Pendek kata, harus diakui bahwa industri otomotif adalah salah satu penyebab utama kerusakan lingkungan.

Kendati demikian, industri otomotif sendiri saat ini merupakan salah satu industri yang paling getol berbenah. Peralihan dari kendaraan berbahan bakar fosil menuju kendaraan listrik, misalnya, sudah bisa dikatakan sebagai sebuah upaya menuju keberlanjutan. Namun, kendaraan listrik pun sebenarnya masih jauh dari kata "bersih".

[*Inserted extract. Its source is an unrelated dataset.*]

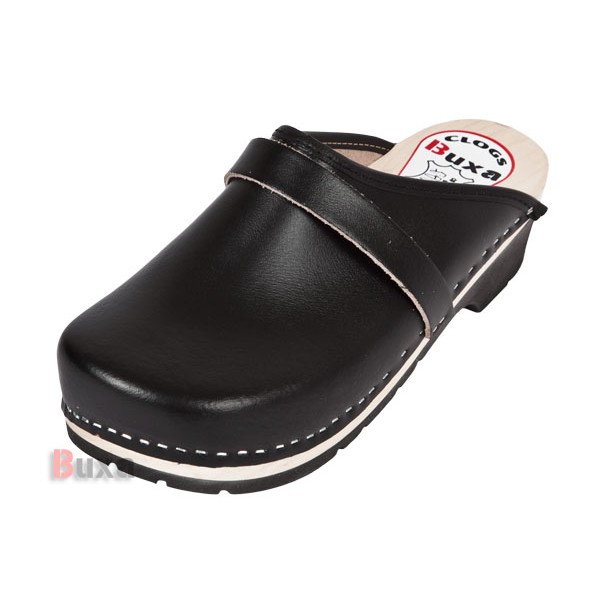 Clogs On Rubber Sole Comfort FPU1 - Black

Ada komponen-komponen mobil yang mesti didapatkan dari proses ekstraksi yang (umumnya) masih dilakukan secara tidak bertanggung jawab. Belum lagi soal sumber dari listrik yang digunakan untuk menggerakkan mobil-mobil tersebut. Sebagai catatan, batu bara dan gas alam masih menjadi sumber energi paling dominan di muka bumi.

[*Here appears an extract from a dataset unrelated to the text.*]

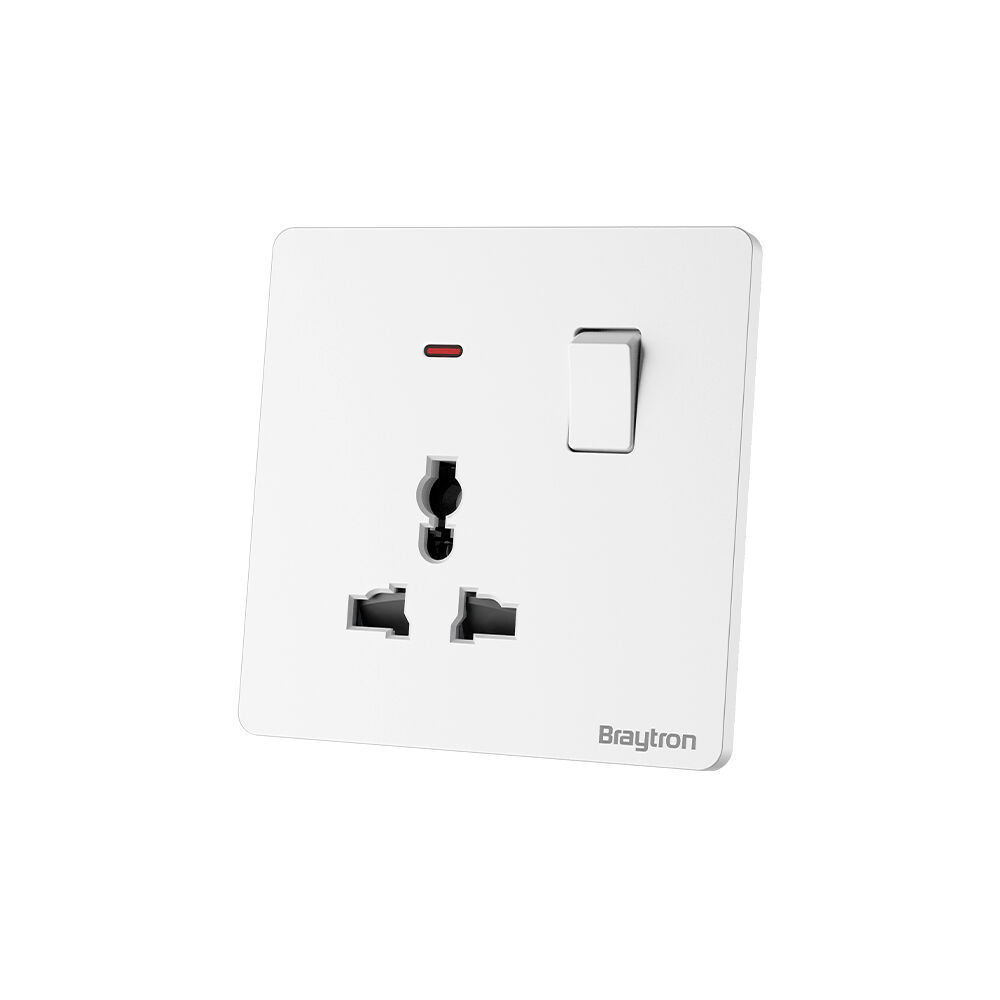 BRY-LENA-UN-1G-16A-WHT-SOCKET - 1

Selain beralih ke kendaraan listrik, ada satu praktik lain yang sudah cukup populer di kalangan pelaku industri otomotif, yaitu penggunaan material daur ulang.

Berbagai produsen mobil sudah melakukan hal ini, pun demikian dengan produsen komponen pendukung seperti pabrikan ban. Namun, praktik ini pun masih mengundang kritik karena sebenarnya tidak banyak komponen mobil yang bisa benar-benar didaur ulang untuk dijadikan bahan baku mobil baru.

Sebagai contoh, ketika sebuah mobil sudah tak lagi dipakai, para pendaur ulang biasanya mencopot mesin yang masih berfungsi untuk dipakai lagi. Sementara itu, bagian-bagian mobil lain hanya akan dihancurkan. Hasilnya adalah serpihan logam campuran.

Akan tetapi, tidak semua bagian dari serpihan logam itu bisa digunakan kembali. Paling-paling, hanya aluminium yang bisa dipakai lagi untuk memproduksi mobil baru, sementara sisanya digunakan oleh industri lain.